Une femme afghane a fui un mari violent avec ses quatre enfants jusqu’à Hambourg. Son fils de 15 ans est resté en Italie. Elle ne peut actuellement que communiquer avec lui par téléphone. Il lui dit : « Maman, aide moi, j’ai faim, je gèle. » La mère est ici, quasiment aveugle, avec trois enfants, et devient quasiment folle à force de se faire du souci pour son grand fils et pour l’avenir. Son fils de 10 ans tente d’être fort et adulte. Il manque souvent l’école pour accompagner sa mère chez le médecin ou auprès des services administratifs. Est-ce là de la pauvreté ? Pour moi, c’est déjà de la misère.

Et pour terminer : qu’est-ce que les pensées d’ATD et de Joseph Wresinski pourraient signifier aujourd’hui pour des jeunes en Allemagne?
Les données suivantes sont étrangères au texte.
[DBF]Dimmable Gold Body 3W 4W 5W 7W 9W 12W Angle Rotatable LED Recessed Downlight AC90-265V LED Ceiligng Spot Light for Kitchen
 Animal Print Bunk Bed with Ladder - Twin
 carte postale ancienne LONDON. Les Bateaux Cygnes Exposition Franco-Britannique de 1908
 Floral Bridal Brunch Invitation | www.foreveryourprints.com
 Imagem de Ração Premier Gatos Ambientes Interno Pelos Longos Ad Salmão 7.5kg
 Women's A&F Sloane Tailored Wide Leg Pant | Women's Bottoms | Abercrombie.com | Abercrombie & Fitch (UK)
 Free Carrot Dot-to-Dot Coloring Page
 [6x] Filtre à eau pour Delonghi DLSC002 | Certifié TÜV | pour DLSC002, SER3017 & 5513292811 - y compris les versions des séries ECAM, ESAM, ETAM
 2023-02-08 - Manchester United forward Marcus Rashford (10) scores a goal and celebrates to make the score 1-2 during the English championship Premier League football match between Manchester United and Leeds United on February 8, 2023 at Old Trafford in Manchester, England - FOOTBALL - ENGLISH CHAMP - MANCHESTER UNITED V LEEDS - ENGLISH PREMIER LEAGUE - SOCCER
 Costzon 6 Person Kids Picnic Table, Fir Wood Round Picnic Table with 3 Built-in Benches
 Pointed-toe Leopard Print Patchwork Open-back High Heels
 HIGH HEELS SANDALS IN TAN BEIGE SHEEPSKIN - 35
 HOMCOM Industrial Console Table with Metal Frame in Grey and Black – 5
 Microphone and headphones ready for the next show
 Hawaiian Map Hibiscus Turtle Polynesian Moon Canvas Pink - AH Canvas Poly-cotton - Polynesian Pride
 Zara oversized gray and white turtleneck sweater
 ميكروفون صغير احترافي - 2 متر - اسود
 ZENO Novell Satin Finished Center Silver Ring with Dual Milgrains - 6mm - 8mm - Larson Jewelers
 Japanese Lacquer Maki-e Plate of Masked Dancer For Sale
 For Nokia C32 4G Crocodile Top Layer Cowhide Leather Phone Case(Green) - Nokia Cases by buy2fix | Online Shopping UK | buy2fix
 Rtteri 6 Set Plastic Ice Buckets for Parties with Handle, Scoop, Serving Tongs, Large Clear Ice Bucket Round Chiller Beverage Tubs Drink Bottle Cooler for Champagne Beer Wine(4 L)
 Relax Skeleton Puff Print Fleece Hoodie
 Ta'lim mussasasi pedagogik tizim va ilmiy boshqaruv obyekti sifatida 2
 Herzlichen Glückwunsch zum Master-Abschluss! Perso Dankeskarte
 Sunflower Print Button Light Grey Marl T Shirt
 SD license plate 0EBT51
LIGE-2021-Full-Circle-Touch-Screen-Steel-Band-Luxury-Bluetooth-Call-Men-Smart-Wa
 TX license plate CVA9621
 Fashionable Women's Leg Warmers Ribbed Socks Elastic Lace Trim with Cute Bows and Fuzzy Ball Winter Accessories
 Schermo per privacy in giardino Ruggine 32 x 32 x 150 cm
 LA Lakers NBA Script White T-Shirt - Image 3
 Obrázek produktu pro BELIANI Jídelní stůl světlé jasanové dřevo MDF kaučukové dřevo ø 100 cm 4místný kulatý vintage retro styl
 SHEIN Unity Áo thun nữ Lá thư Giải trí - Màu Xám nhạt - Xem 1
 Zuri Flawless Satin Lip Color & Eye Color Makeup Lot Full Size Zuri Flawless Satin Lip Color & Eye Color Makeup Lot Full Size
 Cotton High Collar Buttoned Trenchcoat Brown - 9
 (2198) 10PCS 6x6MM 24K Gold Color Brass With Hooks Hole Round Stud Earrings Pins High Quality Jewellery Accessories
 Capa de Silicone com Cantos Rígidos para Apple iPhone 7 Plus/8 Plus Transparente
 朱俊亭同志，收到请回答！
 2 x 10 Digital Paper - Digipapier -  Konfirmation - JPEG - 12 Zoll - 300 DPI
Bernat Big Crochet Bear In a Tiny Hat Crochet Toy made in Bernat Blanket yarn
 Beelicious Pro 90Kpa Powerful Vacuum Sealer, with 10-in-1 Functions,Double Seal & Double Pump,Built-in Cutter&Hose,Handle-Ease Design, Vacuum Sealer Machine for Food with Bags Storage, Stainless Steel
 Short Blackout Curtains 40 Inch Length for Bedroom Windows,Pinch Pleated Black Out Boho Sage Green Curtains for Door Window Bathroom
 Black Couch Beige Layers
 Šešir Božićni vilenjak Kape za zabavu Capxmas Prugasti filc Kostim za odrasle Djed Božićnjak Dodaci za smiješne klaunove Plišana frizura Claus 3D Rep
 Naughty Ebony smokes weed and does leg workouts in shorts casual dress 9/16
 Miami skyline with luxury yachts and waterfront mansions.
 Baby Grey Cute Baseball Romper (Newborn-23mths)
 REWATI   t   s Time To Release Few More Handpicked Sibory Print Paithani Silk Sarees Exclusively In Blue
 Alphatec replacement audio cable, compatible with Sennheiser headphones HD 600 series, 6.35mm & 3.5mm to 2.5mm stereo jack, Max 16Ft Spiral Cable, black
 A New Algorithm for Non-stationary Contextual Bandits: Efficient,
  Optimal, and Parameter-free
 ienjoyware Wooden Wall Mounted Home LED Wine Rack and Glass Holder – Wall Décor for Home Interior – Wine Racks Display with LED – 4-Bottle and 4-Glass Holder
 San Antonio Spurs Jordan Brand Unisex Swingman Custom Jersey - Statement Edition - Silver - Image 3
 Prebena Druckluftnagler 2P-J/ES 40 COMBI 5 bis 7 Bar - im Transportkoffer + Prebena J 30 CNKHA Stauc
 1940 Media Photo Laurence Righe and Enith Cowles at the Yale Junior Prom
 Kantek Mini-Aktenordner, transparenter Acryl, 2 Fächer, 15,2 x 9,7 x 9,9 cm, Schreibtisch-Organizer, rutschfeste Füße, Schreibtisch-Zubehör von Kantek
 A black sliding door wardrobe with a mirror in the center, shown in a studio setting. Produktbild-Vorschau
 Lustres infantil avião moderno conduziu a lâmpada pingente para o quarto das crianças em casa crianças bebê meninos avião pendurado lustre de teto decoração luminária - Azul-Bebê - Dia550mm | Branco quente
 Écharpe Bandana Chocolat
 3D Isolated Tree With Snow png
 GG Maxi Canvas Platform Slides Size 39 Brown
Voici ce qui me vient à l’esprit : les réflexions de Joseph Wresinski sont encore aujourd’hui en partie révolutionnaires. Lorsqu’un jour j’ai montré une vidéo sur le centre familial d’ATD en Angleterre pendant un séminaire sur la pauvreté, les étudiants ont été choqués, surpris et inspirés : ils y ont vu des aidants qui prenaient dans leurs bras les nouveaux arrivants ! Apparemment, ça marche aussi ! Ce passage dans le film a ouvert les yeux aux étudiants. Un accueil aimant – et surtout de la part d’adultes – n’est pas compatible avec un professionnalisme pédagogique dans l’Allemagne d’aujourd’hui. Pour ces futurs pédagogues, Joseph Wresinski et ATD ont certainement encore de bonnes questions et de passionnantes réponses à apporter concernant les rapports avec les êtres humains.